# [EXERCISE INPUTS]
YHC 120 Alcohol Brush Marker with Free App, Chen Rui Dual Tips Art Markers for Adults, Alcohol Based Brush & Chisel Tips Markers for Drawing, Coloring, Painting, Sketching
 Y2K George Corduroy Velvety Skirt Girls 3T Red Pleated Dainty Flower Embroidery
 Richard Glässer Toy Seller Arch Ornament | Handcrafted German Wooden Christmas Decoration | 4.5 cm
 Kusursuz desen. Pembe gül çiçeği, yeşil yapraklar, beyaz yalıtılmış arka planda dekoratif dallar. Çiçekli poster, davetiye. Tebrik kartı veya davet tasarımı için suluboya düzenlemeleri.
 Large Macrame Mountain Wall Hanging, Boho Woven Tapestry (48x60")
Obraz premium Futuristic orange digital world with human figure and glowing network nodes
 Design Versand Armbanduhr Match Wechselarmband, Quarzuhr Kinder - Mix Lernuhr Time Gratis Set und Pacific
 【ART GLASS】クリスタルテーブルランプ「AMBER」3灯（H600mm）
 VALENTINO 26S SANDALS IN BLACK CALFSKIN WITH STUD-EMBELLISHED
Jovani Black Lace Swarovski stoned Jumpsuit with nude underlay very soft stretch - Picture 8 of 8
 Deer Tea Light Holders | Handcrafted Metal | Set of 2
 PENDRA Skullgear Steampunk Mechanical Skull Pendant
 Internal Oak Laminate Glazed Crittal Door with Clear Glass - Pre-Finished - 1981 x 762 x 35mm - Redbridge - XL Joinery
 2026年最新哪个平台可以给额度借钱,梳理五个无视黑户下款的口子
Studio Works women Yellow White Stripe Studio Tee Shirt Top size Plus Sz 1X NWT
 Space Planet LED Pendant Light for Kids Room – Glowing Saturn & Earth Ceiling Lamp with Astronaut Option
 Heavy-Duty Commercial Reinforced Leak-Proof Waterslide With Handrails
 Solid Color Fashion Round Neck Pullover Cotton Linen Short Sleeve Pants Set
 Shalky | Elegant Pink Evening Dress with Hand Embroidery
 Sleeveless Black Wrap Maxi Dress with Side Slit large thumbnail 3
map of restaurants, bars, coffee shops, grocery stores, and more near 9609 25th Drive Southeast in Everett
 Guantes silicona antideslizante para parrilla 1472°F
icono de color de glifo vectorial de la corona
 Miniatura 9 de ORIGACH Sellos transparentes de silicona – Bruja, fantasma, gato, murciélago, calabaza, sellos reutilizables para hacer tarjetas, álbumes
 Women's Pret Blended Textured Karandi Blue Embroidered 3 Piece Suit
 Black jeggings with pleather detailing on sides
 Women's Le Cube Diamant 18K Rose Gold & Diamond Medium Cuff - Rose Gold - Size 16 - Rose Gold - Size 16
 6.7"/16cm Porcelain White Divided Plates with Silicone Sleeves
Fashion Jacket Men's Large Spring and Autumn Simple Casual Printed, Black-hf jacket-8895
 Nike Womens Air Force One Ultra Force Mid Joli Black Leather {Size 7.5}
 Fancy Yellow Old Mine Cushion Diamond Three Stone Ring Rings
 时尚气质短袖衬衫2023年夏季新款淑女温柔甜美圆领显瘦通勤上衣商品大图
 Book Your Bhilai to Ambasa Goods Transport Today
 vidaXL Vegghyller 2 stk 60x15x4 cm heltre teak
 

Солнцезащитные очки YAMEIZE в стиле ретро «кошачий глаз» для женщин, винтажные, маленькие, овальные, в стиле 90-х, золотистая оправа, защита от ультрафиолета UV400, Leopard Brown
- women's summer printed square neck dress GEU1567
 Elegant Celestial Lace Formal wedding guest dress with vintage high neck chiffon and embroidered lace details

# [ASSIGNED TASK]
Nothing but a number is wanted here: the count of lines in the listing with the word "Diamond".

# [RESPONSE BELOW]
2